Only 12. Mouton was redshirted in 2006.
And for our numbers with OSU. It was 5 defensive players in the first round with 25 total.
If you want to look at the entire draft together we accounted for 10 players in the first and 43 all rounds if my math is correct.
I wasn't counting how many had played in the game. We have thirteen defensive players drafted total since 2006.
but when I think about how that game turned out, I guess I'm not too surprised. No doubt, those two teams were loaded.
From time to time our fans state that the SEC is noit really the top conference, and unfortunately, they are wrong.
Right, blame the media. You don't see fans talking about conference superiority all the time in forums. Ya know, like your 2 posts in this thread...
There's no denying the SEC is better than the B1G, but I don't really care. I'm more concerned about Michigan.

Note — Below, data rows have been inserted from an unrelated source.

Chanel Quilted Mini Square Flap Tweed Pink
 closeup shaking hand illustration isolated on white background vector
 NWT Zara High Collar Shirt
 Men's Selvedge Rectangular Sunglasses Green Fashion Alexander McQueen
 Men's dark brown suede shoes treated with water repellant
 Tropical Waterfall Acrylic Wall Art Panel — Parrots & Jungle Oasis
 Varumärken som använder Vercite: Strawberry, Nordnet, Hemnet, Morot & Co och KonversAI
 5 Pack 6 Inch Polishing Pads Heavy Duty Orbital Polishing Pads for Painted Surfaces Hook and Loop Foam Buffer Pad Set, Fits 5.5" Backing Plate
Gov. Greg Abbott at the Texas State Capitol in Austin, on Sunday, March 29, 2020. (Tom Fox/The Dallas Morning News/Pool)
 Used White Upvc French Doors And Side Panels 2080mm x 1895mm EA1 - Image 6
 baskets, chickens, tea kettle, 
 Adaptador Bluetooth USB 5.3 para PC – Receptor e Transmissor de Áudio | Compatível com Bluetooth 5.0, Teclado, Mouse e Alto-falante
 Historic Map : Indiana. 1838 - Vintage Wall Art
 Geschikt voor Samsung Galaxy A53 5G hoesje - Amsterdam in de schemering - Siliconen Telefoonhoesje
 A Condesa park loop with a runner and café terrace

I believe Stewart Mandel correctly pointed out that people didn't really talk about which conference is the best until the BCS started.
Exactly, ESPN owns SEC and Longhorns Network so they tend to hype up all of that just for money purposes.
Just like Fox Sports is a lot more B1G friendly just becuase they own BTN.
How many bagmen between those two teams?
I was working on these figures for an upcoming diary, but in the last three drafts, 154 SEC players have been drafted regardless of position, but it is definitely interesting to note that nearly 20% of them played at some juncture in a single game in 2011. That's something I would definitely say does not happen very often.
Talent can only get you so far by itself. If you don't have superb coaching, good luck getting anywhere.
All the more reason to hope for NCAA rule changes to allow players to be paid.
It is hard enough to compete with the southern teams in recruiting because of the weather. The fact that they have a culture of acceptance about paying players under the table makes it even harder.
Some NCAA rule changes and a little Global Warming could level the playing field a little bit.
This reenforces recruiting rankings. LSU, Alabama, and FSU have been killing it on the recruiting trail. We need to get back to where our 2012 and 2013 classes were if we want to catch up.
All those teams also have those great recruiting classes combined with experience and great coaching. While the aging part of those great classes will happen as long as RR like attrition doesn't come along again, the coaching part...well, we'll see.
That's what I'd like to know. LSU had back-to-back top 5 picks with JaMarcus Russell and Glenn Dorsey, but I seriously doubt they're bragging about those
And half that team was still playing a decade later. '97 was legit.
Both coaching and recruiting count. You can't win a natty without recruiting a top 10 class (nobody's done it yet), but you also need a good coach. Notre Dame has had great classes and hasn't done anything. Same with Texas.
Texas did something, right? Or did they do it with a weaker class. I honestly don't know.
They did it with one special guy in Vince Young, the same way Auburn did it with Cam Newton.
Problem is, that's not a replicatable strategy. Those guys are so damn hard to find.
The SEC has elite talent to waste, and they do.
If I'm an FCS school like Deleware, I'd make a living by just hanging around SEC schools like Alabama and LSU and sweet talking all those elite recruits they oversigned into signing up with me and playing right away as soon as it becomes clear that they've been abandoned.
There's dozens of these guys every year that need a home, and they're still NFL caliber.
They pretty much live off of depth-chart buried athletes from elite schools.